Il libro integra in modo armonioso vicende private della famiglia patriarcale di Amal protagonista del romanzo con i fatti e i luoghi precisi documentati da fonti scritte rigorosamente attendibili.
La questione palestinese non ha ancora trovato una composizione e i palestinesi sono una “nazione” per unità di lingua, di religione, di cultura, ma non sono più un “popolo” perché hanno perso un proprio territorio, assegnato ma non ancora riconosciuto sovrano.
I rapporti tra israeliani e palestinesi si sono sempre più logorati e insanguinati con guerre e attentati che alimentano rabbia e furori che noi europei forse non riusciamo a capire. Racconto fatto di espropriazione, buttati in campi profughi “indegni dei topi”, senza diritti.
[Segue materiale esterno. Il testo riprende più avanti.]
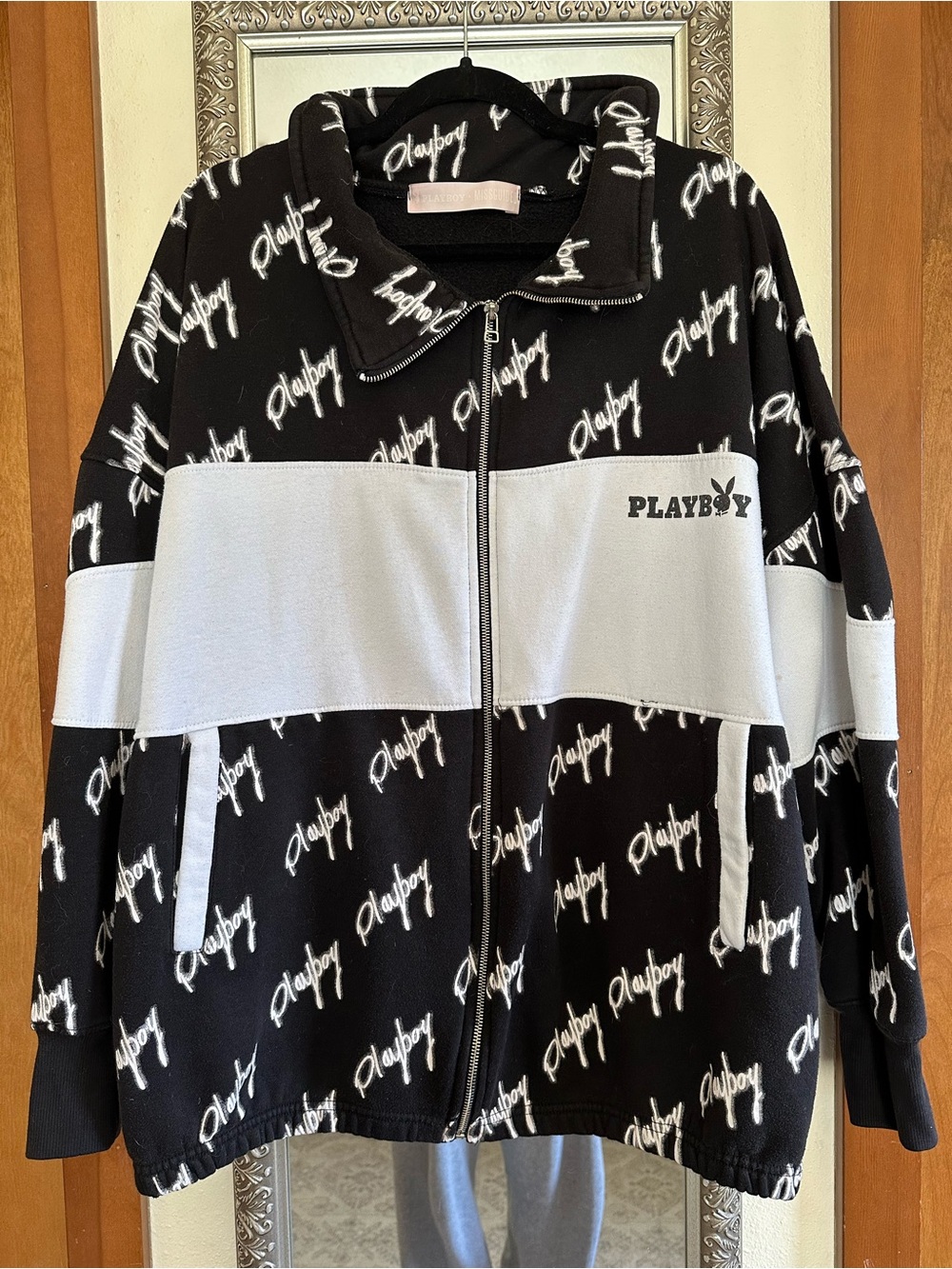 PLAYBOY Black and White Logo Zip-Up Track Jacket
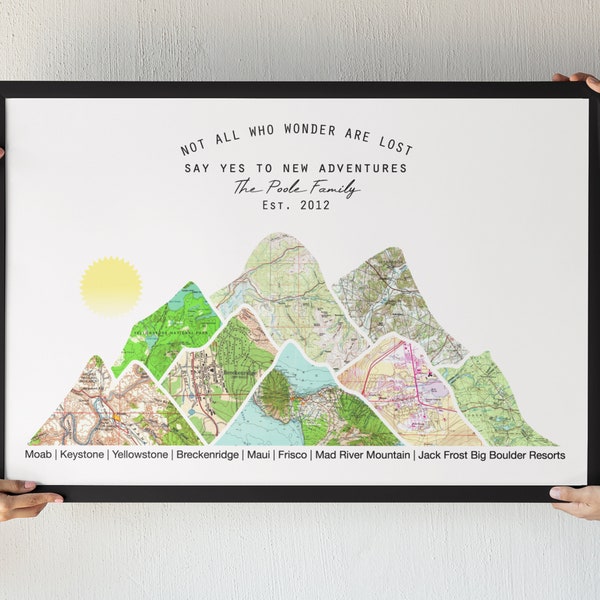 Custom 5th anniversary gift for him, Adventure Map, Map Prints, Personalized Gift, Wall art Vintage maps, map print gifts, 50th Year Gift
Dal 7 ottobre 2023 si è aperta l’ultima e più feroce di tutte le guerre del mondo, è strage totale che non risparmia “luoghi sacri” come scuole, moschee, ospedali, singole persone, usa armi di alta tecnologia che aumentano la violenza e uccidono pure il nostro unico focolare che è il pianeta Terra.
La rabbia contro Israele ha fatto nascere l’Organizzazione per la Liberazione della Palestina, è l’OLP moderata di Arafat che arrivò a stringere la mano al premier israeliano Rabin alla presenza di Clinton presidente USA.
Ma la mancata attuazione del progetto “due popoli, due Stati” ha costruito l’opposizione radicale di hamas, palestinesi della hihad (guerra santa) aiutati dagli islamici sciiti dell’Iran contro gli Stati arabi sunniti.
Susan Abulhawa ha scritto molti saggi sulla Palestina fino ad arrivare all’infernale odierna situazione della prigione della striscia di Gaza sotto controllo militare: una barbarie che non si placa, sta facendo un’immensità di morti uccisi tanto da parte palestinese, che ha compiuto un terribile pogrom, quanto da parte del governo di estrema destra israeliano. Anche nell’ultimo romanzo Contro un mondo senza amore intreccia storie private, perdite e ritorni alla storia vera e tanto complicata dell’inquieto e pericoloso Medio Oriente e Mediterraneo, mare conteso da globali interessi economici.
Il dramma è sempre lì testimoniato da fagotti di teli bianchi che portano a sepoltura cadaveri, e da macerie totali. Senza cibo, senza farmaci senza fonti energetiche: è questa carenza che fa morire le persone, è un nuovo tipo di armi. Eppure troviamo vittime femminili in questo e in altri emozionanti romanzi che, malgrado tutto, trovano la forza per andare avanti, per sopravvivere: resistono, aiutano, curano,” amano oltre misura, amano l’amore”, hanno passione politica.
Il libro stimola chi lo legge a buttar via facili tentazioni di indifferenza, se non cinismo e ignavia, per evitare il fallimento globale. Non si può più andare avanti come sempre, la scrittrice palestinese esperta e consapevole ci ricorda che mai come ora nella storia possiamo essere tutti perdenti e nemici dell’uomo e quindi nemici di se stessi.
L’autrice non fomenta odio, ha pietà e rispetto, sempre tenendo fede alla propria umanità con la forza di sopravvivere che solo l’immensa dimensione dell’amore può dare.